# Clausing 5912 12" x 36" metal lathe 5900 59xx series - $1500 (Bieber)



## MrWhoopee (Apr 5, 2018)

https://redding.craigslist.org/tls/d/clausingmetal-lathexx-series/6537688456.html


----------



## chips&more (Apr 5, 2018)

It's also on fleabay. Sounds like a big project!


----------



## MAKEITOUTOFWOOD (Apr 5, 2018)

He cut the original variable speed boss off the top of the lathe?


----------



## MrWhoopee (Apr 5, 2018)

MAKEITOUTOFWOOD said:


> He cut the original variable speed boss off the top of the lathe?


Yeah, looks like a nightmare to me. Would be a decent buy before he started the "upgrade".


----------



## chips&more (Apr 5, 2018)

MAKEITOUTOFWOOD said:


> He cut the original variable speed boss off the top of the lathe?

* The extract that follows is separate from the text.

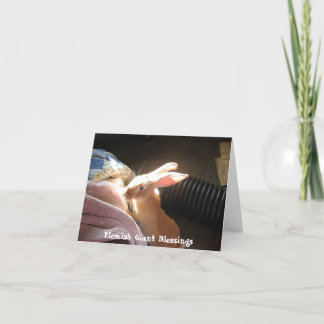 Vlaamse Reuze Zegen Notecards Kaart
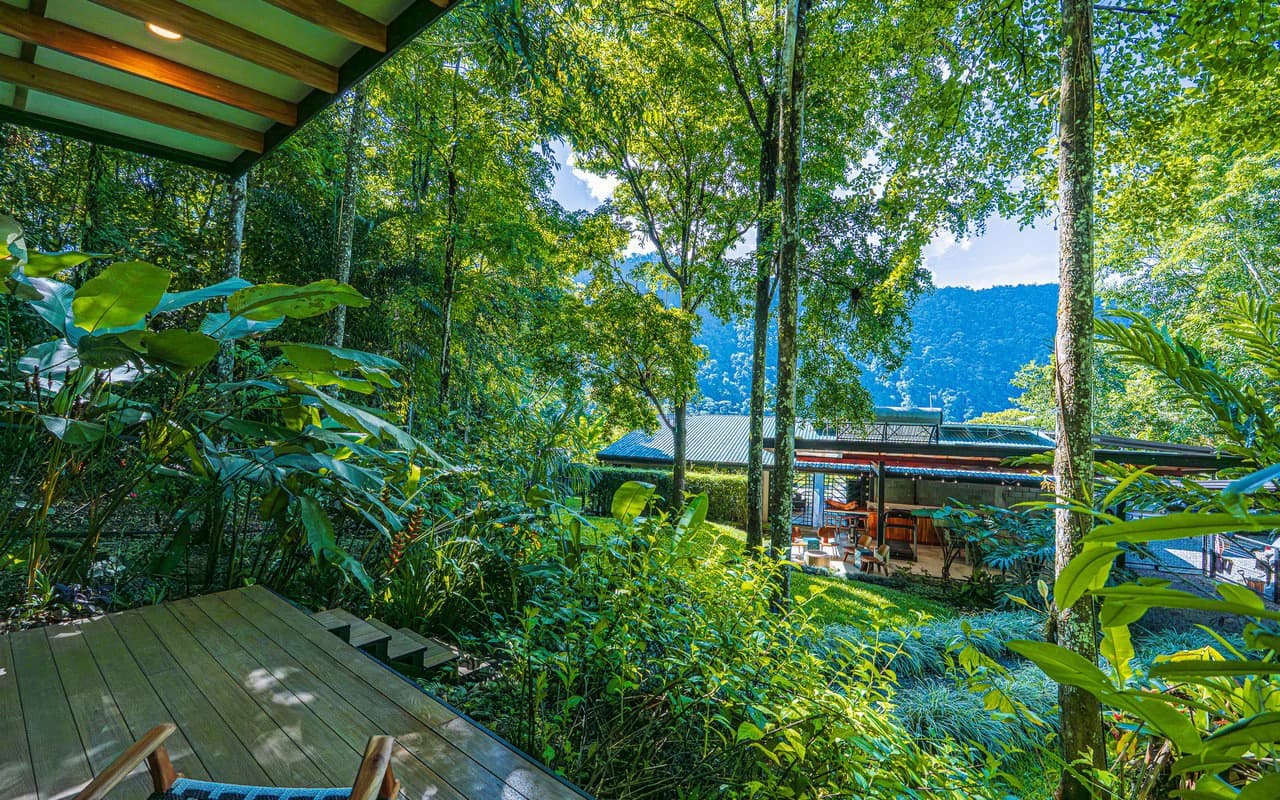 Off Grid Riverfront Micro Regenerative Organic Homestead Tinamastes - photo 48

That could have made a nice mount for a VFD control box.


----------



## MrWhoopee (Apr 5, 2018)

Much like my approach to upgrades on my '63 VW Crewcab, I'm always looking for an approach that does not compromise the originality or prevent the next owner from doing a completely stock restoration. I'm just the current care-taker, there will be others after me.


----------